» INFORMATION SHOWN:
= = = =

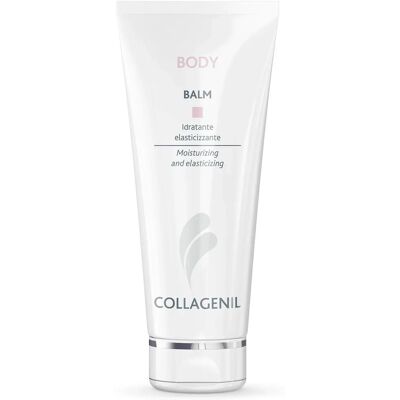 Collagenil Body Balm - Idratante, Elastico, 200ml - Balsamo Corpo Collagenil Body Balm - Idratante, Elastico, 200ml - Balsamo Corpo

= = = =

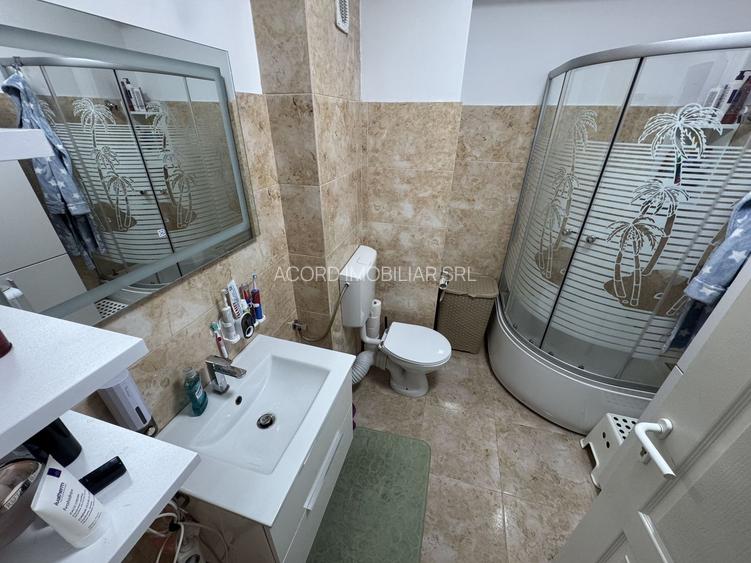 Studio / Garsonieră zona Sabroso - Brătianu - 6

= = = =

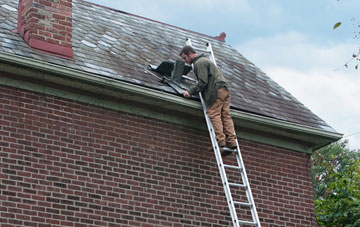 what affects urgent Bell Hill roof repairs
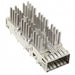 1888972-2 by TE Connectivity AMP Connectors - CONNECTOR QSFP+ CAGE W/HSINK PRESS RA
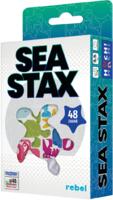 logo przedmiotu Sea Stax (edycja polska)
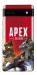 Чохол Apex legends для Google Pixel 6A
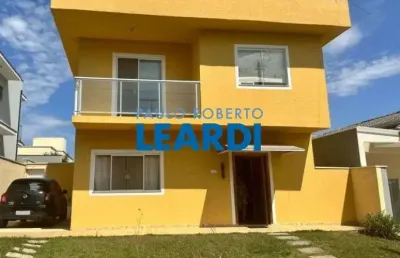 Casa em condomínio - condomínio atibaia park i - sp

= = = =

» WHAT THIS TASK INVOLVES:
What you return from the records above should be exactly everything from the line with "1888972-2 by TE" down to the line with "Casa em condomínio", both kept, and no pictures.

» EXERCISE SOLUTION:
 1888972-2 by TE Connectivity AMP Connectors - CONNECTOR QSFP+ CAGE W/HSINK PRESS RA
 logo przedmiotu Sea Stax (edycja polska)
 Чохол Apex legends для Google Pixel 6A
 Casa em condomínio - condomínio atibaia park i - sp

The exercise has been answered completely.